Comme une odeur de rébellion
Mais, sachant que toute médaille a deux côtés, comment vont réagir les clients, déjà sollicités de toutes parts, lorsqu’ils seront bombardés d’odeurs de toutes sortes, mélangeant, aux détours des rayons du supermarché, des effluves de pain chaud, de sous-bois sous la pluie et de crème solaire à la noix de coco?
«Trop, c’est comme pas assez», dirait l’expression populaire.
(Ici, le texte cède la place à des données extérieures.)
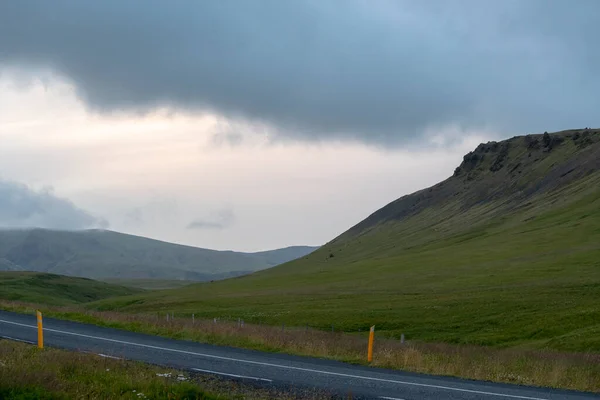 아이슬란드 근처에 로드와 산들의 구름낀 — 스톡 사진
Les bulles olfactives que vont nous imposer les gourous du marketing ne risquent-elles pas d’avoir un effet contraire à leurs attentes?
Jusqu’où tolérerons-nous ces nouvelles agressions sensorielles, sachant qu’en Amérique du Nord un lobby, aussi fort que celui de la ligue antitabac, tente de mettre au ban de la société les parfums et les désodorisants, coupables, disent-ils, de troubler les nez sensibles et de causer migraines, asthme et allergies?
Aujourd’hui, les établissements «sans odeurs» (scent-free) sont légion, allant des écoles aux édifices publics, en passant par les hôpitaux. Pire, moyennant un léger supplément, certains hôtels offrent désormais des chambres «sans odeurs» (savons sans parfum, produits de nettoyage écologiques, etc.).
Bref, les agences de marketing, confrontées au désintérêt des consommateurs (lire aussi: Les consommateurs en ont ras-le-bol de la publicité) couplé à une chute des prix de vente de l’espace publicitaire, risquent bien de tout tenter pour innover, au risque de provoquer, chez le consommateur, des réactions parfois mitigées.
(1) Proust, Marcel. «À la recherche du temps perdu, tome 1: Du côté de chez Swann», 1913.
Sources:
– Bergeron, Ulysse. «Une technologie qui a du pif», Le Devoir, 19 octobre 2005.
– Gagné, Jean-Simon. «Une odeur de croisade», Le Soleil, 21 juillet 2005.
– Lebas, Maya. «Dubaï invente les appartements sensoriels», Le Figaro, 12 décembre 2005.
– Métro (Montréal). «Mener par le bout du nez ou comment augmenter ses ventes à coups de « poush-poush »», 13 janvier 2006.
– P.D.V. «Du pain d’épices au rayon lingerie!», Le Soir, 14 décembre 2005.
– Smets, Joëlle. «Le client est mené par le bout du nez», Le Soir, 14 décembre 2005.